Bütün vadileri aşarak menzil-i maksudlarına yorgun ve bitkin bir halde uzanan 30 kuş, rastladıkları kişiye kendilerine padişah yapmak için aradıkları Simurg'u sorarlar.

Simurg tarafından bir görevli gelir...

Görevli, otuz kuşun ayrı ayrı hepsine birer yazı verip okumalarını ister. Yazılarda, otuz kuşun yolculuk sırasında birer birer başlarına gelenler ve bütün yaptıkları yazılıdır.

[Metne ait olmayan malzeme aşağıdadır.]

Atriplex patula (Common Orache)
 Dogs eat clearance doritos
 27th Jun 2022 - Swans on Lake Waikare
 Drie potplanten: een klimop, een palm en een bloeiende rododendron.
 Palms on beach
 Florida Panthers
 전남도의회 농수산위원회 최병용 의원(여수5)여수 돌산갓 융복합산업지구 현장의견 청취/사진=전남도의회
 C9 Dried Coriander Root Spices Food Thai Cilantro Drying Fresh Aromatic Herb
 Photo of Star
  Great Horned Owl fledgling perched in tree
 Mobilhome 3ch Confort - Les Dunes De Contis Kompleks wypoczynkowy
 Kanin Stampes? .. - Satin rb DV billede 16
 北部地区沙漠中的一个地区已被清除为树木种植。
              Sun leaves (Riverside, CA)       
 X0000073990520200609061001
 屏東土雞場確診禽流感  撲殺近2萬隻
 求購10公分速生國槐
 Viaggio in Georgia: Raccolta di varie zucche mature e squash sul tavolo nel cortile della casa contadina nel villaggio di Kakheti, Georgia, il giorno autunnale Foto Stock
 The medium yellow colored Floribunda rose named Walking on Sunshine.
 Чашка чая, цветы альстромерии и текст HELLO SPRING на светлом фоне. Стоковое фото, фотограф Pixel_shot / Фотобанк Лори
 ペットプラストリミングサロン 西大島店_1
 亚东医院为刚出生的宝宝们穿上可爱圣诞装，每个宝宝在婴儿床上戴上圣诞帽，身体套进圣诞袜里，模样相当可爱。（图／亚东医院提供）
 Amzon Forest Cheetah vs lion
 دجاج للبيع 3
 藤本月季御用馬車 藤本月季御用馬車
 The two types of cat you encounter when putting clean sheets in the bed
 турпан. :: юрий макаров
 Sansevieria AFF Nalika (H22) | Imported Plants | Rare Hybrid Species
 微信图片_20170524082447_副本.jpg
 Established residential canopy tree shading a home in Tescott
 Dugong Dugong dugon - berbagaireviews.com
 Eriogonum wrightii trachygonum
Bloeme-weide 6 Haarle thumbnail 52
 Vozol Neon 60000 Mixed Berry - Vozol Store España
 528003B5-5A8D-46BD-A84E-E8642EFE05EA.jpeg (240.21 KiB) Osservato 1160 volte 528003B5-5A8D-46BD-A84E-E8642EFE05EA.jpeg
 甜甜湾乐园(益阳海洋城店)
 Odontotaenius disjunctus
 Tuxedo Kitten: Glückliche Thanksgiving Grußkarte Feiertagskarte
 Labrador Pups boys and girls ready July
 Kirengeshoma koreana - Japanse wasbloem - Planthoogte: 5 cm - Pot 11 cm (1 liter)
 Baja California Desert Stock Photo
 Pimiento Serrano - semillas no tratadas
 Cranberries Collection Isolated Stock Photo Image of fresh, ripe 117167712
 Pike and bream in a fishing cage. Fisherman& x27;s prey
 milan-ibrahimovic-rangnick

Bu sırada, Simurg tecelli eder...

Fakat, otuz kuş, tecelli edenin (!) bizzat kendileri olduğunu; yani, Simurg'un mânâ bakımından otuz kuştan ibaret olduklarını görüp şaşırırlar.

Çünkü, kendilerini Simurg olarak görmüşlerdir.

Kuşlar Simurg, Simurg da kuşlardır.

Bu sırada Simurg'dan ses gelir:

"Siz buraya otuz kuş geldiniz, otuz kuş göründünüz. Daha fazla veya daha az gelseydiniz o kadar görünürdünüz. Çünkü, burası bir aynadır!"

Hasılı, otuz kuş, Simurg'un kendileri olduğunu anlayınca; artık, ortada, ne yolcu kalır, ne yol, ne de kılavuz...

Çünkü, hepsi BiR'dir.

Aynı, aşıkla, maşukun aşkta; habible, mahbubun muhabbette; sacidle, mescudun secdede; bir olması gibi...

Aradan zaman geçer, "fenâda kaybolan kuşlar yeniden bekâya dönüp", yokluktan varlığa ererler..."

Kuşdili sembolizması yukarıda özetlenmiştir.

Attar, "ölümden sonraki ölümsüzlüğün sırrına" lâyık olacakların bilinciyle; ancak, bunları yazabilir Kuşdili olarak; sembolik lisanla!

Tabiî ki, okuyup da anlayanlara (!)...

Kuşdili, mesnevî anlam ve kapsam olarak zengin bir sembolizmadır.

Kuşlar, "Hakikât Yolunun Yolcuları" ; Simurg, "Hakikât" olarak tanımlanır. insan ömrünün engebelerine eşdeğer merdiven basamaklarını çıkabilmek ve sonunda ancak çok az kişinin hedefine ulaşabilmesi şeklinde düşünülebilir. Bunlar, tekamül merdiveninin, istek'ten Fenâ'ya doğru çıkan basamaklarıdır. Açıklandığı gibi, kuşların bazıları, Fenâ'dan daha ileri gide­rek Fenânın da Fenâsını, yani Bekâ'yı idrak eder.

Sembolik evrende terk etme , yegâne kemalât yoludur.

Bu sembolizmada, kuşlar sâlikleri, kılavuz Hüdhüd kuşu mürşidi temsil eder. Sîmurg (otuz kuş), yani Anka ise, Allah'ın zuhûr ve taayyünü­dür.

Tûyurname, bir vadiden öteki vadiye sırayla geçilerek olgunlaşmak şeklinde kuşlarla temsil edilen ilginç bir örneğidir.